WHAT IS REQUIRED ▸ Please restate the records below verbatim, omitting every image they hold.

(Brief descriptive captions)
........

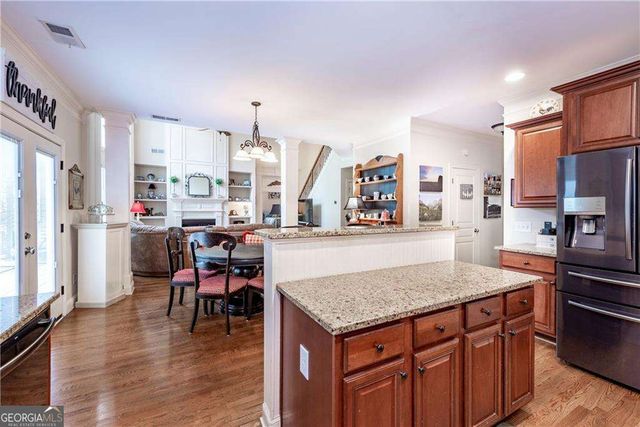 3309 Chaney Circle, Gainesville, GA 30506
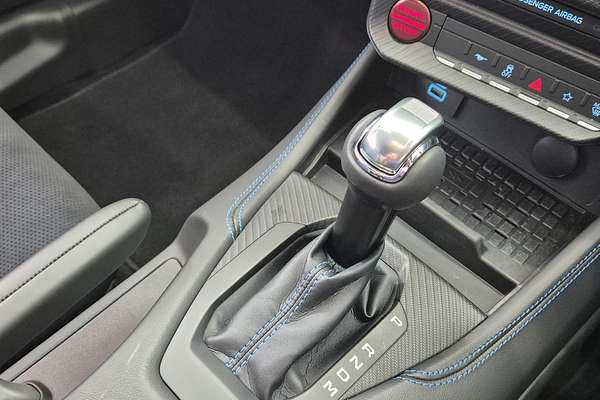 2024 Ford Mustang Dark Horse FO
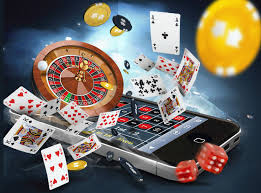 Unlock Your Luck with Casino Golden Genie Unlock Your Luck with Casino Golden Genie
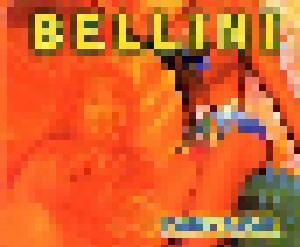 Cover - Bellini: Carnaval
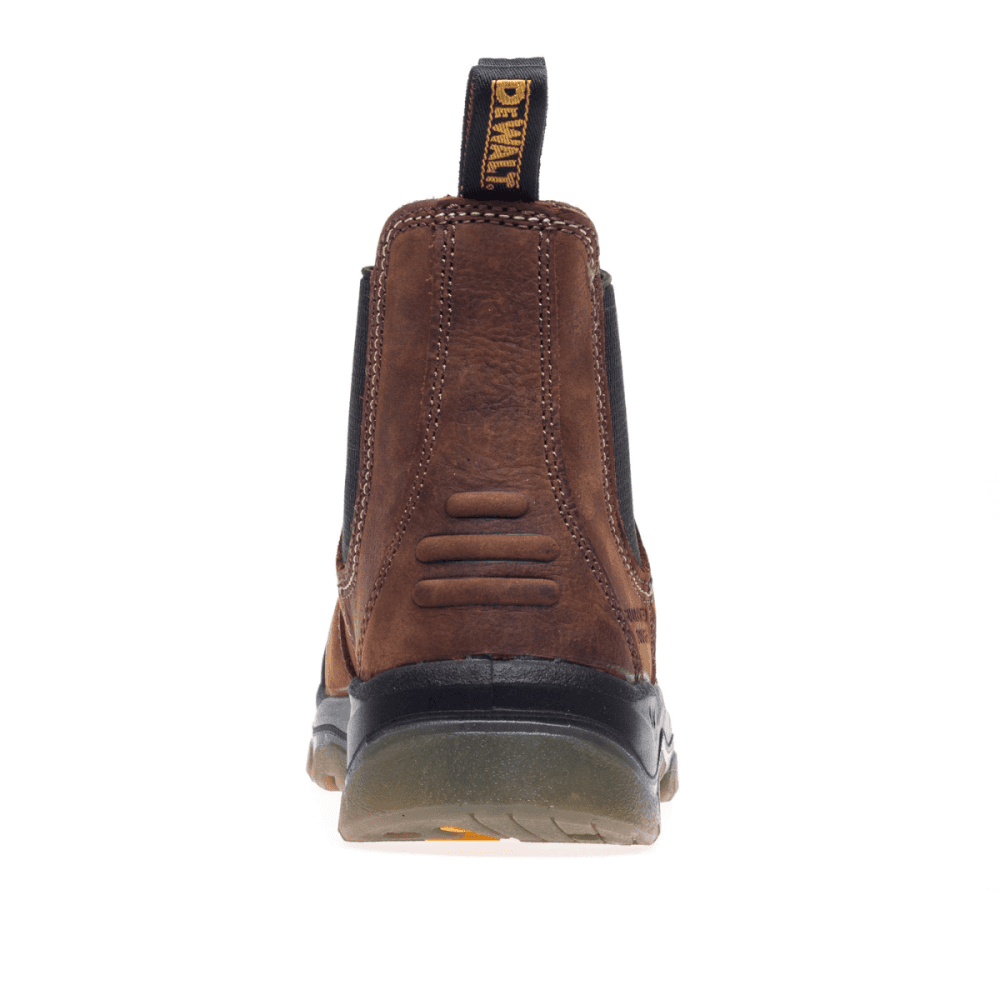 Nitrogen Dealer Boot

........

EXERCISE SOLUTION ▸
 3309 Chaney Circle, Gainesville, GA 30506
 2024 Ford Mustang Dark Horse FO
 Unlock Your Luck with Casino Golden Genie Unlock Your Luck with Casino Golden Genie
 Cover - Bellini: Carnaval
 Nitrogen Dealer Boot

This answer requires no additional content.